▸ **RAW DATA**:
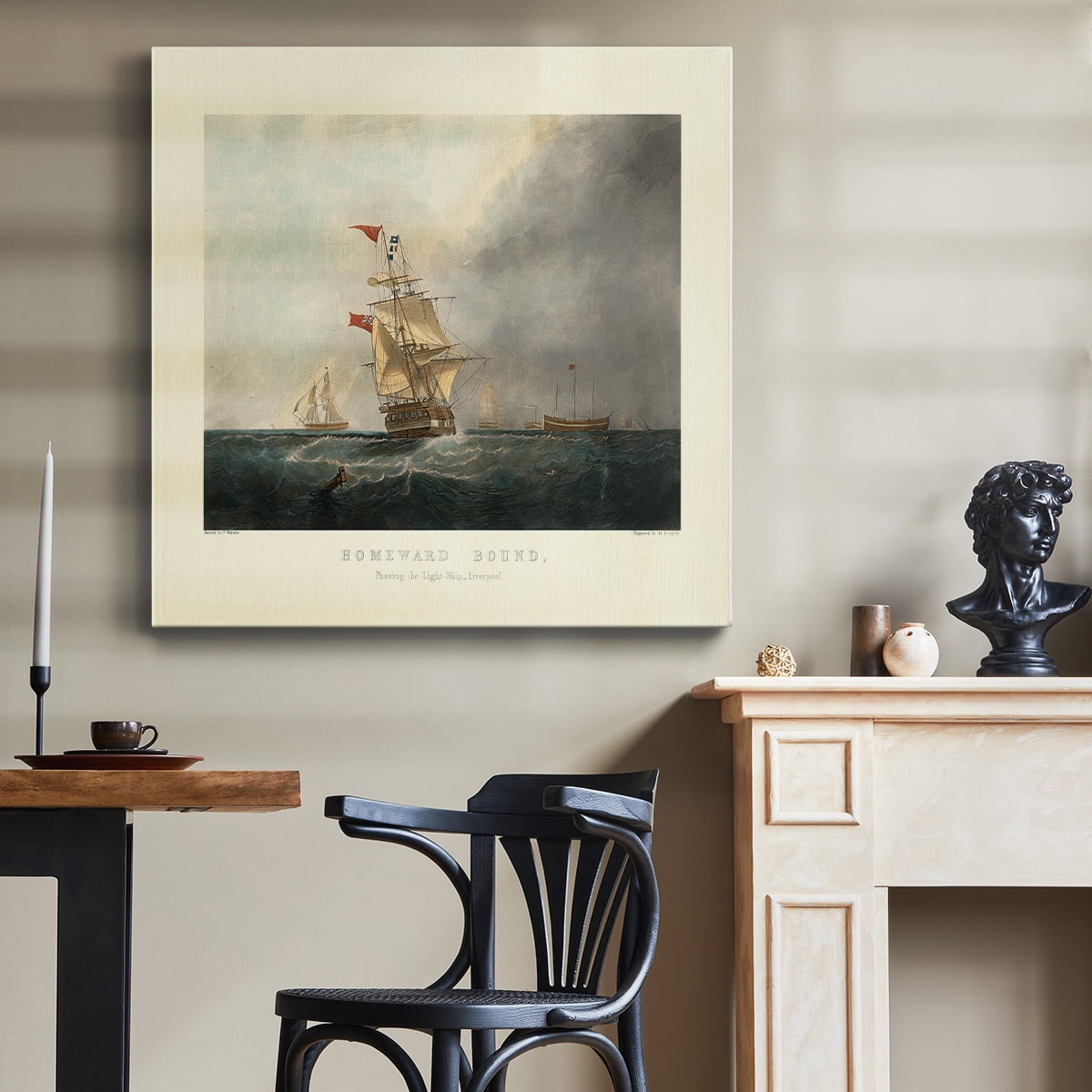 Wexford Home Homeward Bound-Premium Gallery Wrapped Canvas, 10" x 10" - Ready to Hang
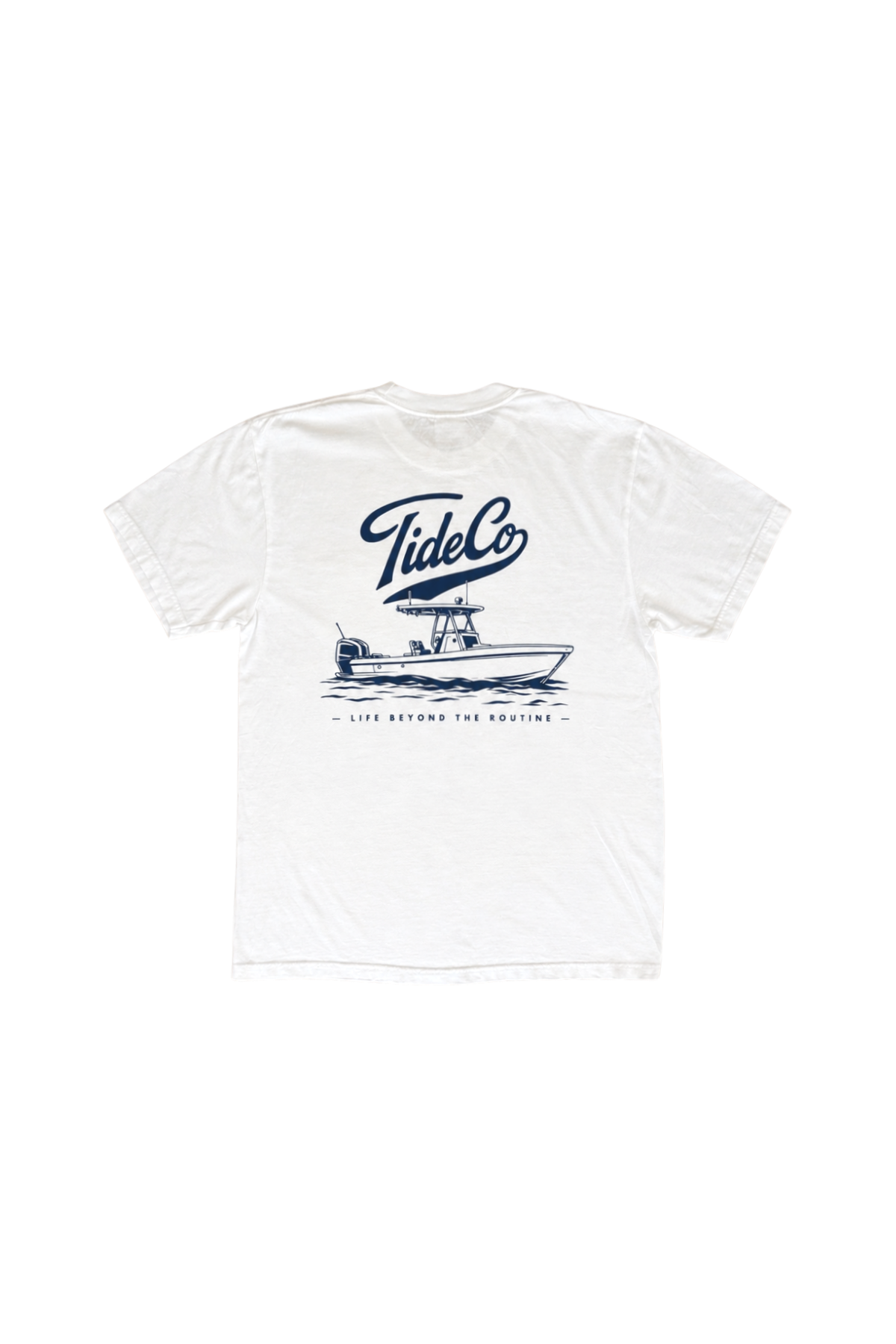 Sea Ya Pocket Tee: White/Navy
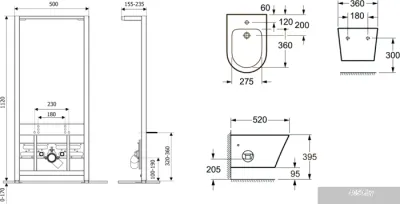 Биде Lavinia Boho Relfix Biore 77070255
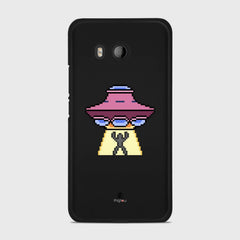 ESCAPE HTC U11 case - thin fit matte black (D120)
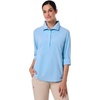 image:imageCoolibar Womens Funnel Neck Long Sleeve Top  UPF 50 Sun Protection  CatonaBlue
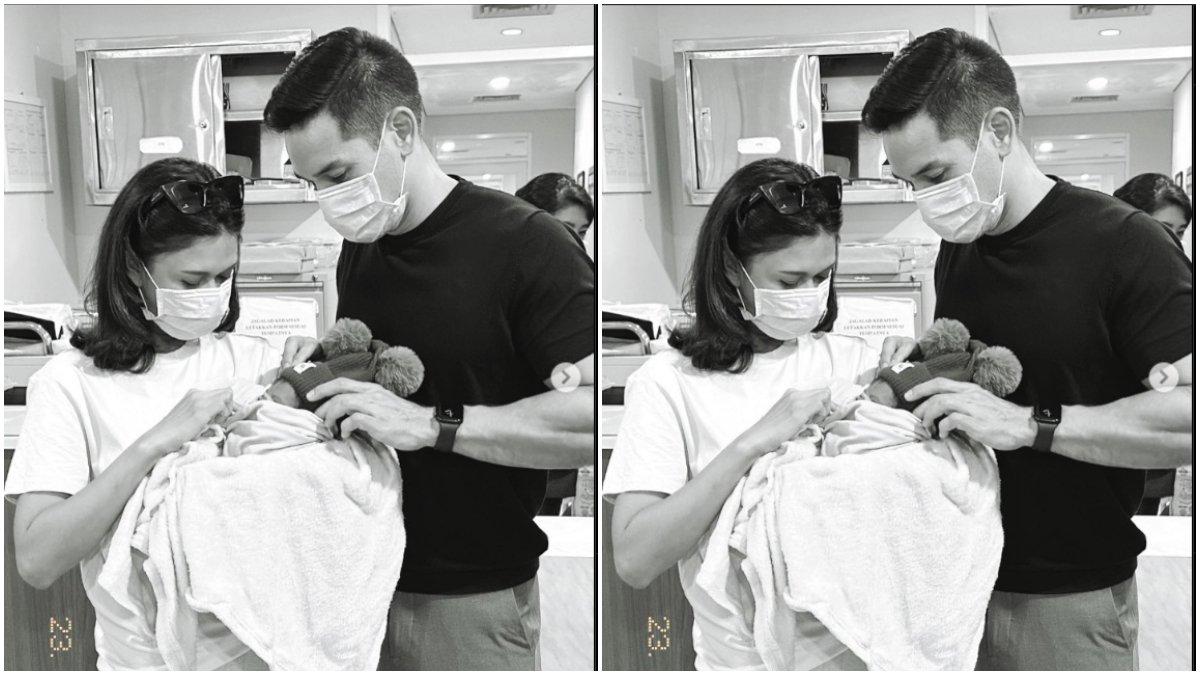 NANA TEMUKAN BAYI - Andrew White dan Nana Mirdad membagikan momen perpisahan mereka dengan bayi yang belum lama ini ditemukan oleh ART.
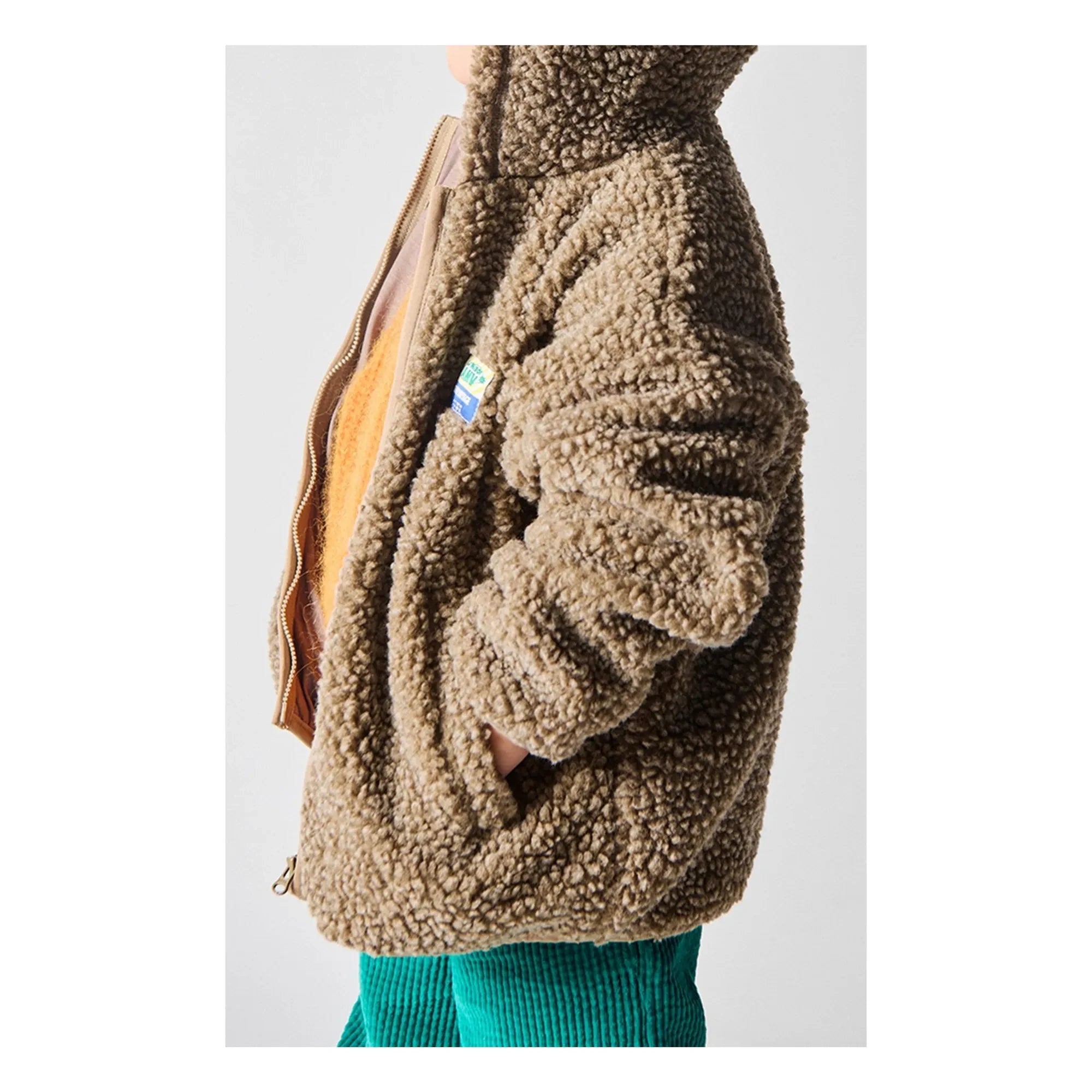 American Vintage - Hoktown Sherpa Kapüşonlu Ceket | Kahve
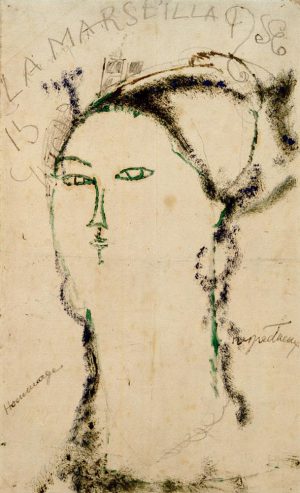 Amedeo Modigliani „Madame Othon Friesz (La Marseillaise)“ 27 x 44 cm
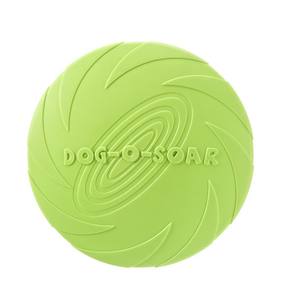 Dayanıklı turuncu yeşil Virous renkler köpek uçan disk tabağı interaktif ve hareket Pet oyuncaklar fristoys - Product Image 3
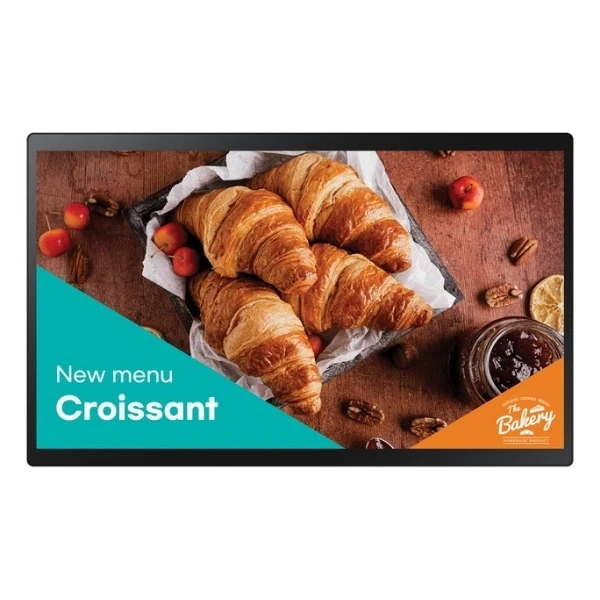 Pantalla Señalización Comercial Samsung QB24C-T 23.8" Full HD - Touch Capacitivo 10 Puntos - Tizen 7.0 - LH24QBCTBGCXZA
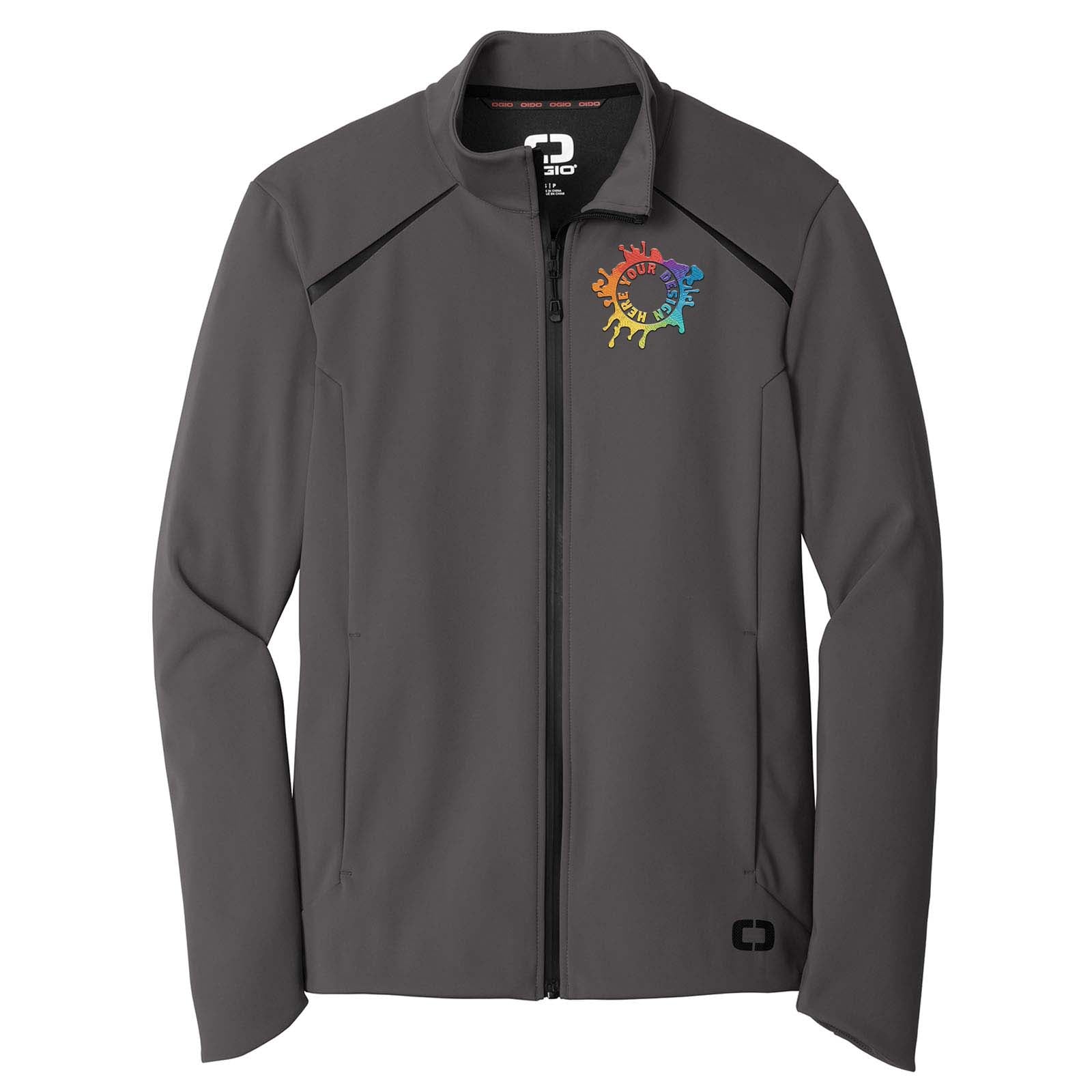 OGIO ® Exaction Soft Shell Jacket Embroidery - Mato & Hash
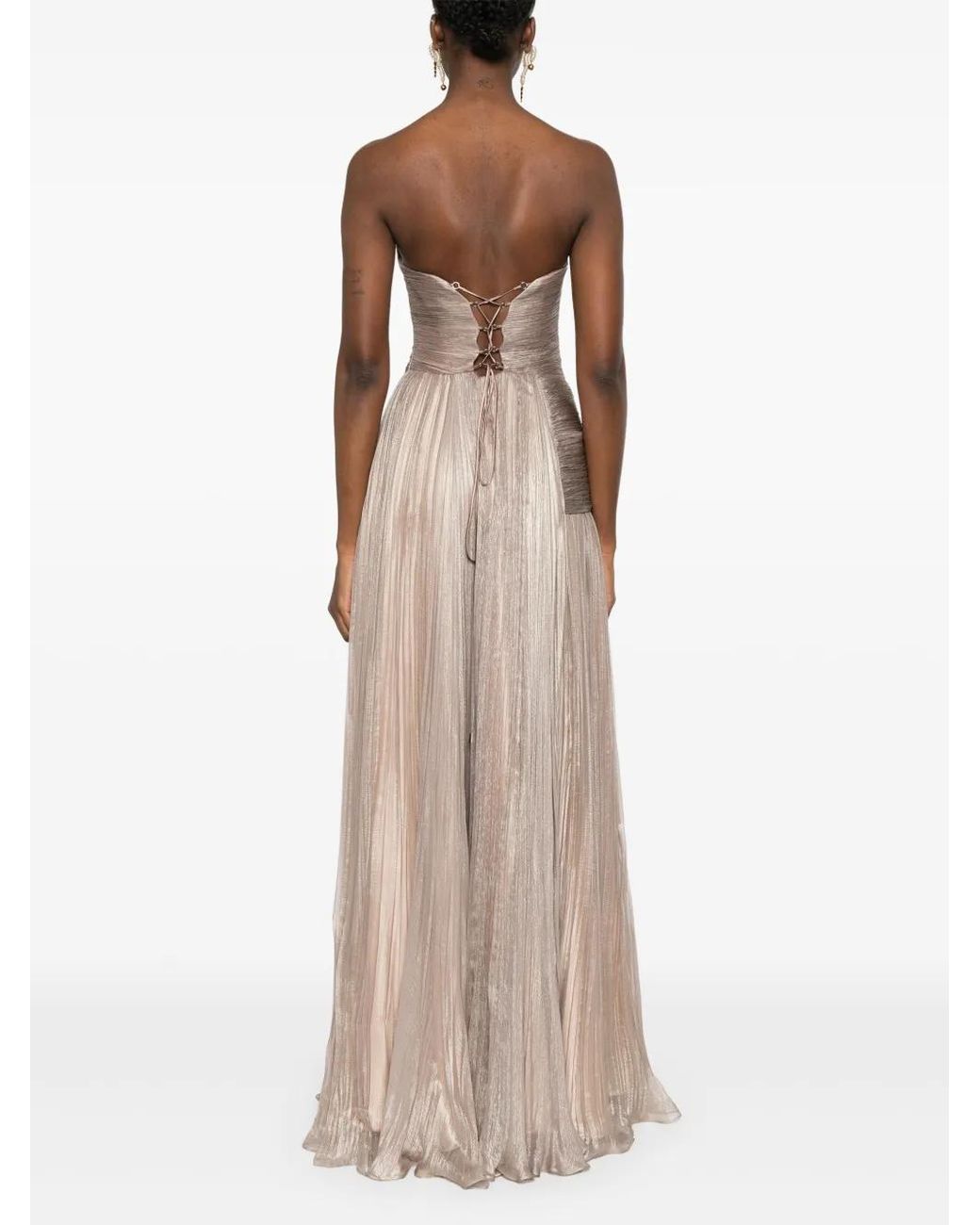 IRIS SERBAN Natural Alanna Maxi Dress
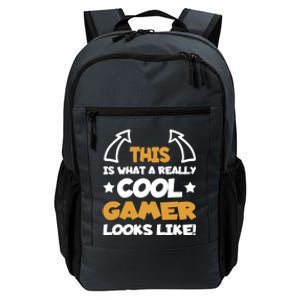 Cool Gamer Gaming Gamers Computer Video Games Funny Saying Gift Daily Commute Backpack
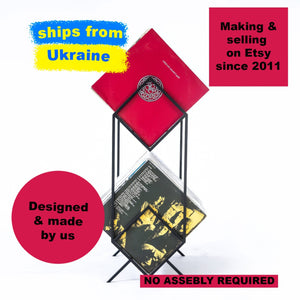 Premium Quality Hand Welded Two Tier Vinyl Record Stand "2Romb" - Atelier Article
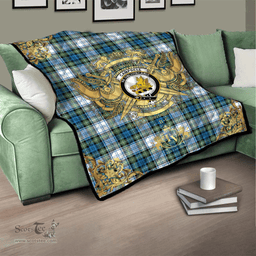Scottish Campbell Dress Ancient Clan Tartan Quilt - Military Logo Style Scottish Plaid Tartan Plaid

▸ **TASK ITEM**: A faithful, word-for-word copy of the records above, pictures left out, is the answer.

▸ **RESPONSE TO THIS EXERCISE**:
 Wexford Home Homeward Bound-Premium Gallery Wrapped Canvas, 10" x 10" - Ready to Hang
 Sea Ya Pocket Tee: White/Navy
 Биде Lavinia Boho Relfix Biore 77070255
 ESCAPE HTC U11 case - thin fit matte black (D120)
 image:imageCoolibar Womens Funnel Neck Long Sleeve Top  UPF 50 Sun Protection  CatonaBlue
 NANA TEMUKAN BAYI - Andrew White dan Nana Mirdad membagikan momen perpisahan mereka dengan bayi yang belum lama ini ditemukan oleh ART.
 American Vintage - Hoktown Sherpa Kapüşonlu Ceket | Kahve
 Amedeo Modigliani „Madame Othon Friesz (La Marseillaise)“ 27 x 44 cm
 Dayanıklı turuncu yeşil Virous renkler köpek uçan disk tabağı interaktif ve hareket Pet oyuncaklar fristoys - Product Image 3
 Pantalla Señalización Comercial Samsung QB24C-T 23.8" Full HD - Touch Capacitivo 10 Puntos - Tizen 7.0 - LH24QBCTBGCXZA
 OGIO ® Exaction Soft Shell Jacket Embroidery - Mato & Hash
 IRIS SERBAN Natural Alanna Maxi Dress
 Cool Gamer Gaming Gamers Computer Video Games Funny Saying Gift Daily Commute Backpack
 Premium Quality Hand Welded Two Tier Vinyl Record Stand "2Romb" - Atelier Article
Scottish Campbell Dress Ancient Clan Tartan Quilt - Military Logo Style Scottish Plaid Tartan Plaid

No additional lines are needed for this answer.